REQUIRED ACTION:
Return only the lines from the one that contains "Montage M2229 Aqua-Gold" through the last line of the records below, exactly as they stand. Pictures are not part of the copy.

MATERIAL FOR THIS EXERCISE:
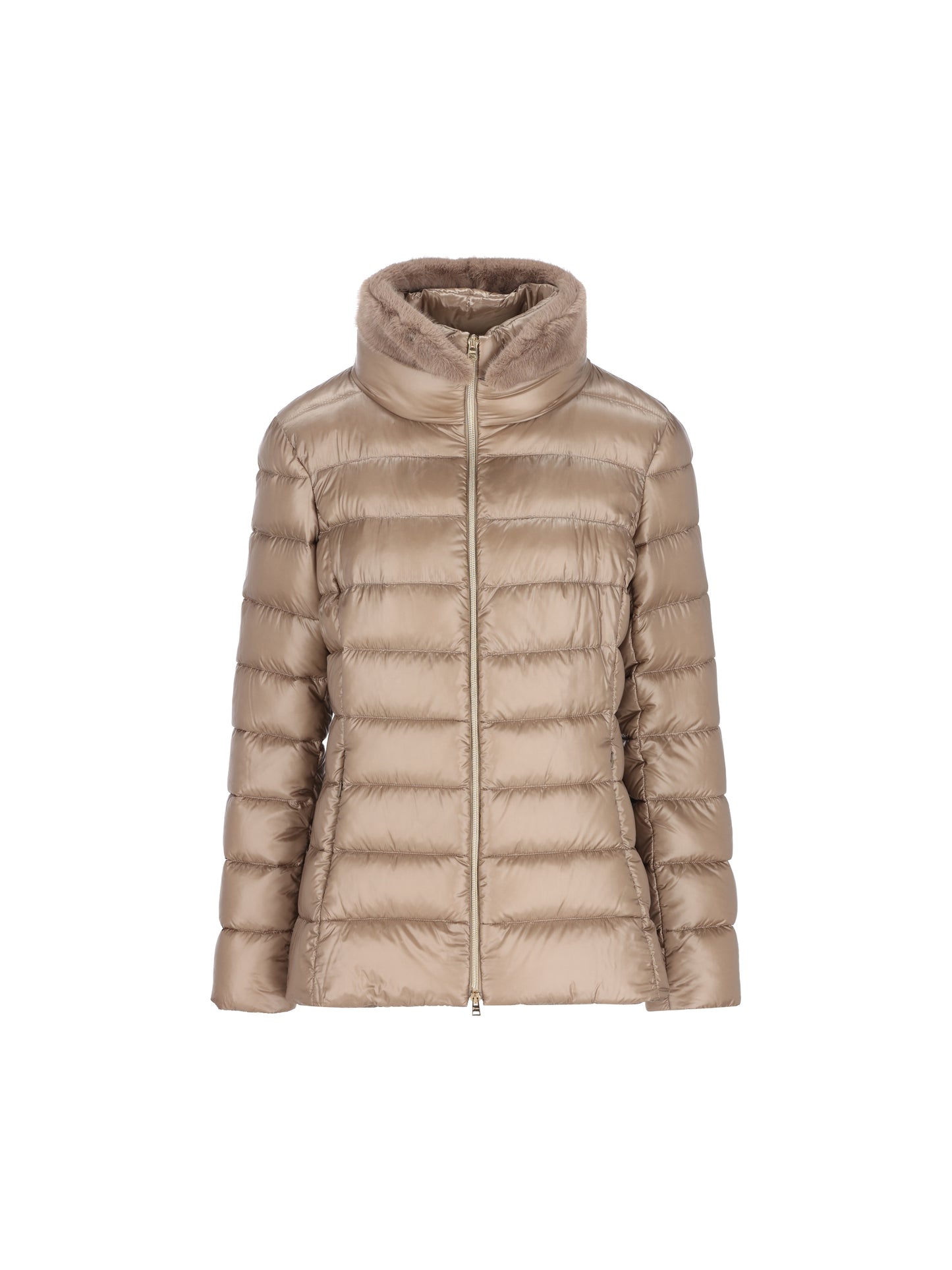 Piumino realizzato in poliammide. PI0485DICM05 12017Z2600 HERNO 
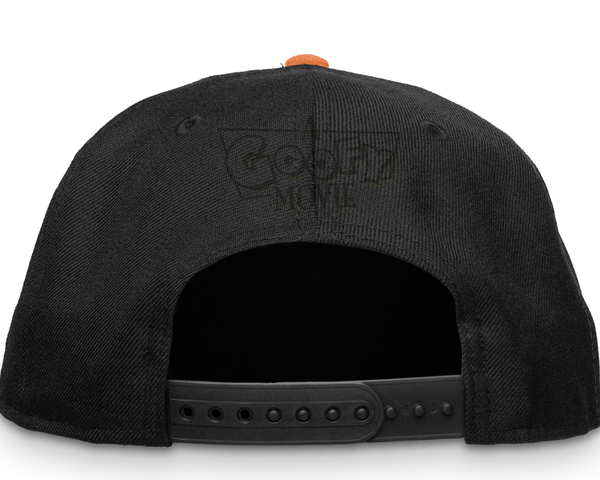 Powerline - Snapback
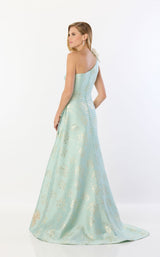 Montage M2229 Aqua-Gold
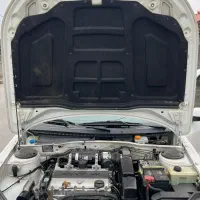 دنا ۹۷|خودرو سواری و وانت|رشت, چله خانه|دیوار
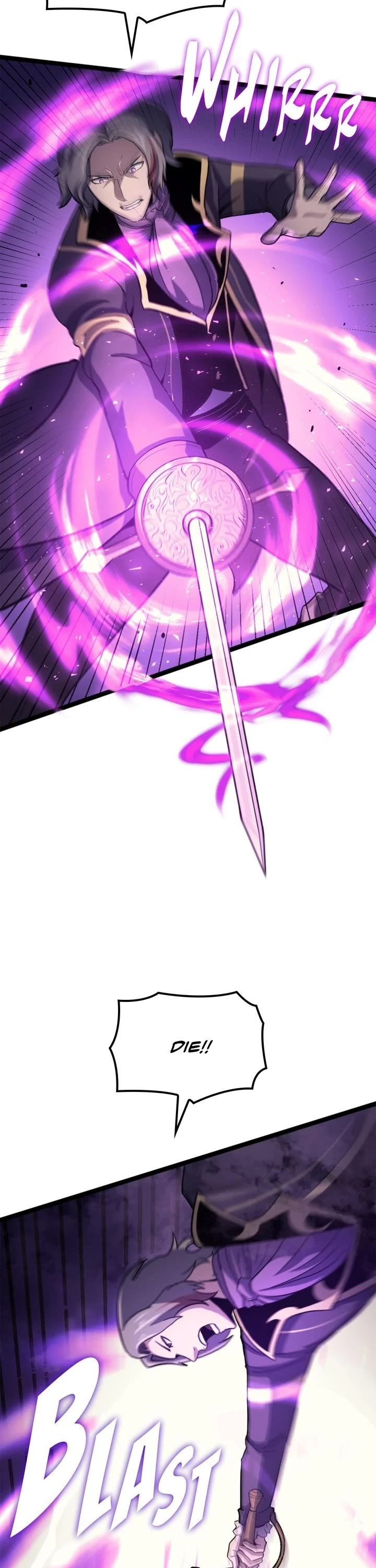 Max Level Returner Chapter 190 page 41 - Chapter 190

EXERCISE RESULT:
 Montage M2229 Aqua-Gold
 دنا ۹۷|خودرو سواری و وانت|رشت, چله خانه|دیوار
 Max Level Returner Chapter 190 page 41 - Chapter 190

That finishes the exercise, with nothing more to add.